### [TASK DIRECTIONS]
An exact copy is needed of the lines in the entries below from the line with "国内一航司空乘可穿平底鞋上班，网友：支持！" up to and including the line with "NWOT Nike DriFit", and of nothing else. Leave the pictures out.

### [EXTRACTED INFORMATION]
════

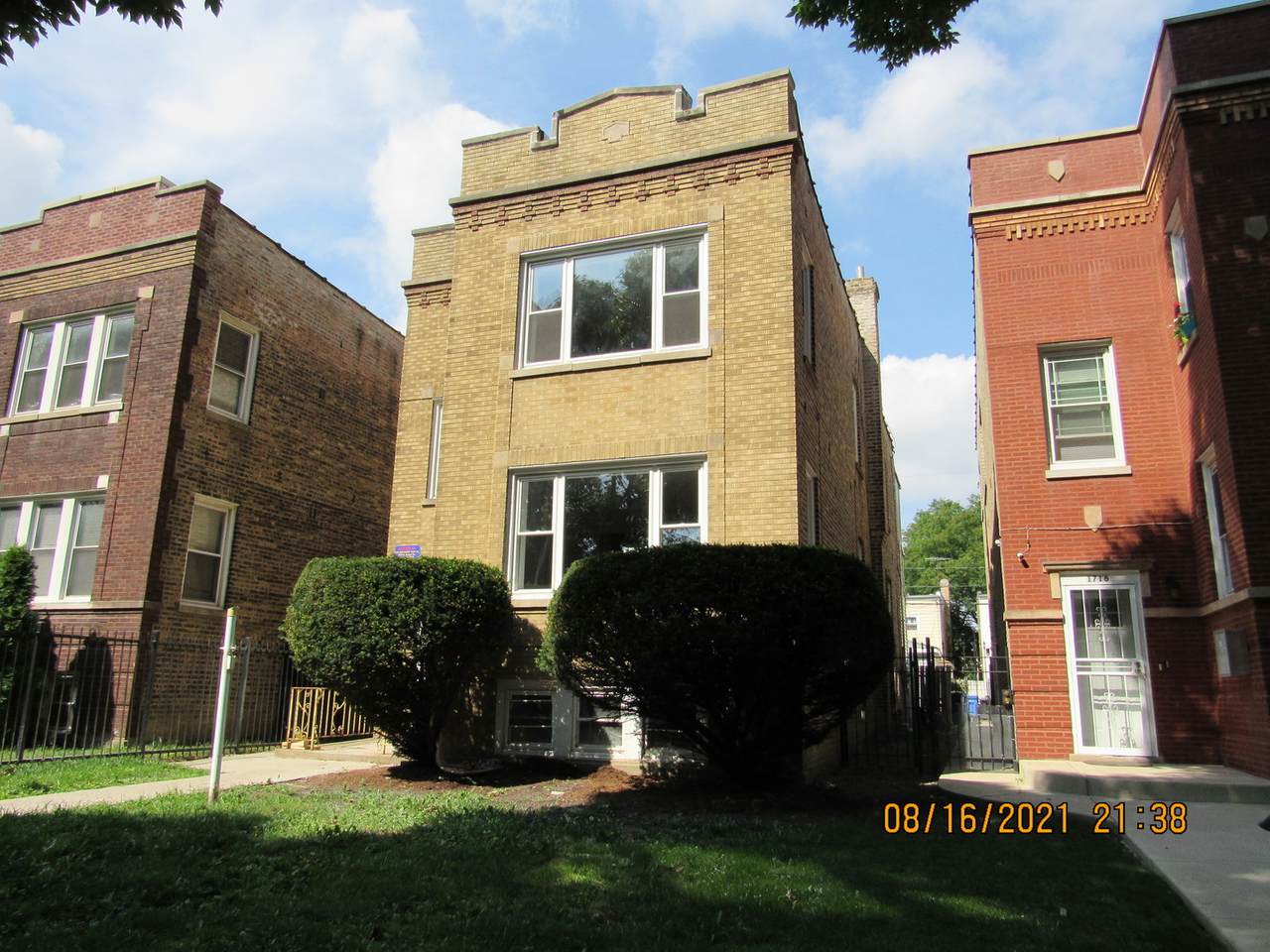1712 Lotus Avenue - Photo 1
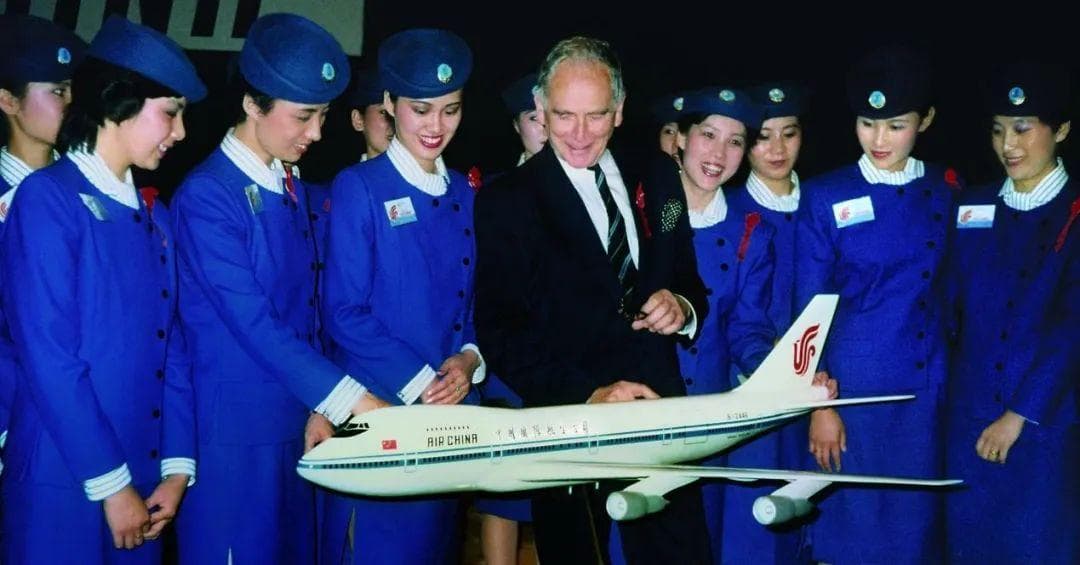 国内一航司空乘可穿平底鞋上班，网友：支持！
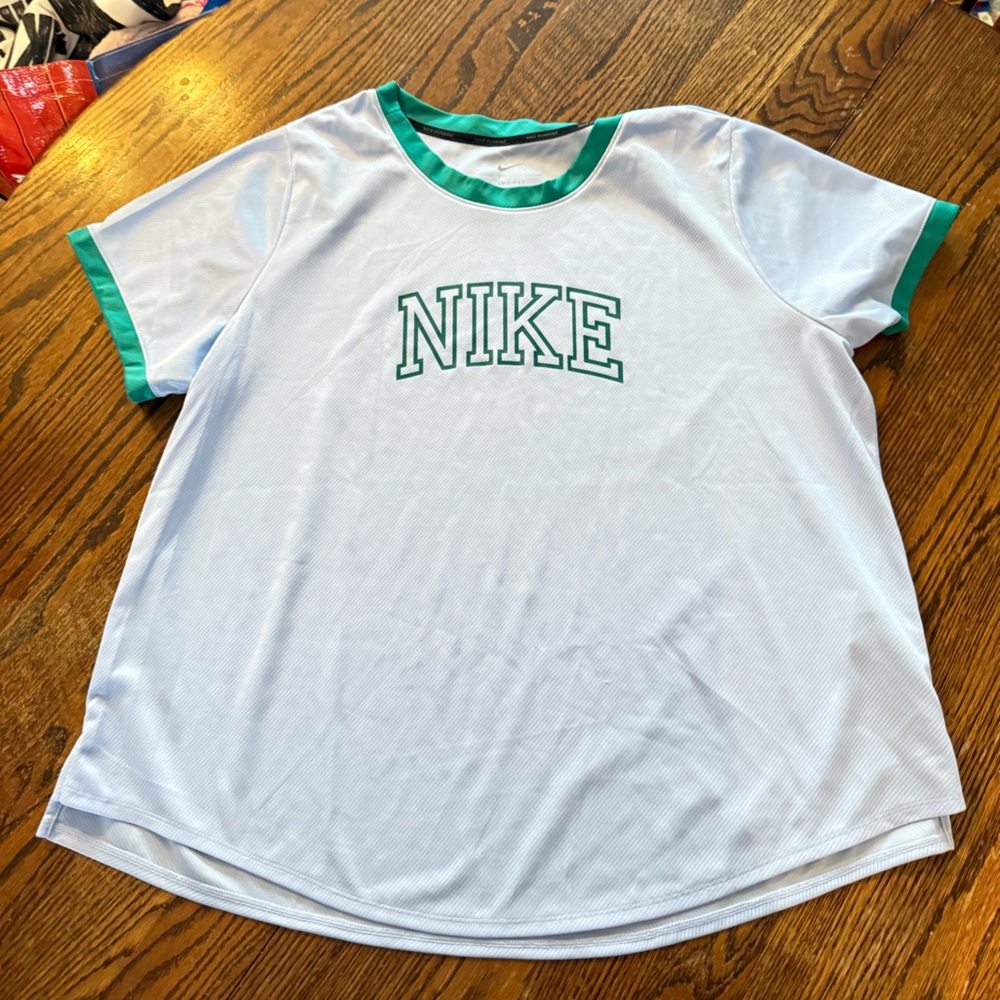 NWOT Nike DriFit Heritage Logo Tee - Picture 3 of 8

════

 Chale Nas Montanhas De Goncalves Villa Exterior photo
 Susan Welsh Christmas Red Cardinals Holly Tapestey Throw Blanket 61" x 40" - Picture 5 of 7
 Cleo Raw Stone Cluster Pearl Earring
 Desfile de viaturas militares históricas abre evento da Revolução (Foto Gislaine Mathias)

════

### [RESULT BELOW]
 国内一航司空乘可穿平底鞋上班，网友：支持！
 NWOT Nike DriFit Heritage Logo Tee - Picture 3 of 8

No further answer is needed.